The publishing industry lags way behind the music industry. It has been slow to adopt new business models, formats, or attempts to keep up with new user behavior.
Ironically, this is already acknowledged in the offline world where publishers have long differentiated between hardback and paperback as being distinct user experiences and priced accordingly. The average hardback book costs three times more than a paperback but you pay for the experience. The smell of the book, the weight of it in your hands, the feeling as you crack open the spine of a hardback, and its place in your bookshelf are reflected in the price.
Ebook reading is different, especially on mobile: it's casual and spontaneous. Readers understand that they don't own a physical object and that the quality of the reading environment may be low -- on a small mobile phone screen for example.
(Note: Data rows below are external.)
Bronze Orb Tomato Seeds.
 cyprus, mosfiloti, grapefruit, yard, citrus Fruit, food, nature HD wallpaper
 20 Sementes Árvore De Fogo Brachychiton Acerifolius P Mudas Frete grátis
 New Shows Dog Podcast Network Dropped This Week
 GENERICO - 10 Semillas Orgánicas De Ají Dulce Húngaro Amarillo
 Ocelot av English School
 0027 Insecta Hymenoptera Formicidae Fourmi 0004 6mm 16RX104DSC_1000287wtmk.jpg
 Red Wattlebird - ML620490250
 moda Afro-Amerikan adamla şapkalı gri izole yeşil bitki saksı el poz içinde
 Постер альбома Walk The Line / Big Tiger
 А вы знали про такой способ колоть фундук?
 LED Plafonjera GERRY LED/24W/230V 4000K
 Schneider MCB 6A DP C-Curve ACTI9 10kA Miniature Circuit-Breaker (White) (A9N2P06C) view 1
When publishers look at the iTunes 'tracks vs. albums' experience in the context of ebooks they feel deeply uncomfortable. Ebooks on mobile devices are similar to albums on iTunes in that readers might only want to read one chapter or to sample a few paragraphs in an affordable way. At the moment rigid retail pricing has stopped the ebook industry from offering this type of flexibility. Publishers and authors don't want to acknowledge that readers don't always read books from cover to cover. Offline you have to buy a whole book for the privilege of only reading a bit of it but online you can choose.
Subscription services offer consumers a more natural way to dip into multiple books without paying for each book opened. On Bookmate we see readers browsing several books in a month but on average only completing one book. In general, publishers do not acknowledge this behavior let alone try to find a commercial model to fit it.
The music business has shown us that if you don't price to match the experience then consumers will find a way around the problem and piracy flourishes. Currently, we have a publishing industry that caters for those consumers that are willing to accept the formats and pricing set by the industry. Meanwhile, there is wide and varied consumer consumption roaring ahead outside of these narrow borders. Like water, online behavior finds its own way. There are new companies being built that empower, facilitate, and monetize varied consumer behavior, but it remains to be seen which publishers embrace it and which get left behind.